# Just confronted with more crap.... Rock bottom can't possibly be any lower?



## henley (Feb 29, 2012)

I don't have anyone else to turn to anymore. I have no one I can trust.

I just received a facebook message from my H's AP's boyfriend (OWP). 

It read:

Hey just heard through the grapevine you and * (my H) were getting back together maybe.... Ask him about ** and *** see if he has anything to tell you.... You can do better He wasnt doing right by you for a long time before **** (OW that I know about, his gf) Anyway Cheers

So essentially the OWP is claiming that my H had 2 other AP's prior to his gf. I realize that this guy has a lot of hatred towards my H and by getting to me he is getting to him, but when my trust in my H has been so irrevocably shattered how can I not question it. Both of these women were women that my H would have had opportunity to have an affair with if he had wanted. They are both attractive and flirtatious, and quite honestly people that I didn't like having around my H even before I knew about his EA/PA with the sender's gf who was a coworker of his. 

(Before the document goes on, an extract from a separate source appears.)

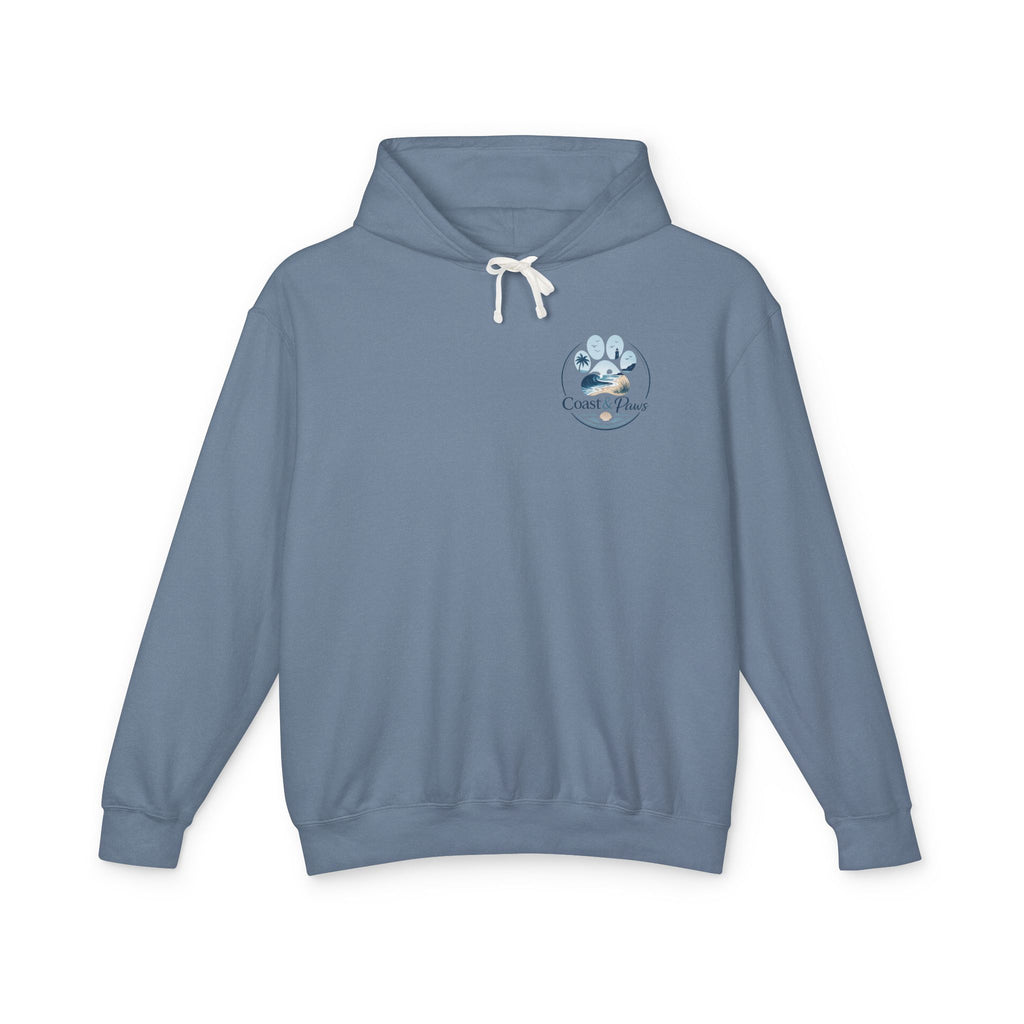 Coast & Paws Signature (Coastal Blue) Hoodie | Unisex Garment Dyed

Do I confront my H? Do i confront the women? Who do I trust. I feel like given that I have no proof, and this would have happen in the past, if everyone says "No, it didn't happen" then even if that is the truth I will alway wonder


----------



## Shaggy (Jul 17, 2011)

You strap H to a polygraph and you ask him.

then if he fails the test for you file, because he is a sorry slimy serial cheater.


----------



## Will_Kane (Feb 26, 2012)

If additional affairs would make any difference in your decision to stay in the marriage or divorce, ask your husband, then verify with a polygraph.


----------



## CantePe (Oct 5, 2011)

Watch his pupils when you say the other two names. They dialate, it's an intimate (at least emotional if not physical) connection to those people.

When we have a physical or intimate connection to people our pupils dialte in response to thinking about them or hearing their name.

Watch his face for micro expressions, surprise and fear (open wide eyes, brows up, mouth thin and pressed lips, tightness in the throat tendons - they stand out).

When you catch, point at him and say so it's true isn't it. Micro expressions and body language never lie...even when we do.

Watch for manipulators (no hands moving when talking, pulls himself tight and close, trying to look small).

It's like a mini polygraph without the polygraph equipment.


----------



## cledus_snow (Feb 19, 2012)

whatever it may be, it's out there now. you might as well do some investigating and find out the truth. and i don't mean asking him point blank 'cause that will get you nowhere. the threat of a poly alone will definetly stir his sense of honesty.


----------



## lenzi (Apr 10, 2012)

What's the point of confronting your H if he's just going to lie about it anyway?

A better question might be if you can't trust him and you KNOW you can't trust him then why are you even with the guy?

The only time R works after an affair if there is complete remorse on the part of the cheater and willingness to make it right. 

That does not sound like the case here.

Sorry to say it.


----------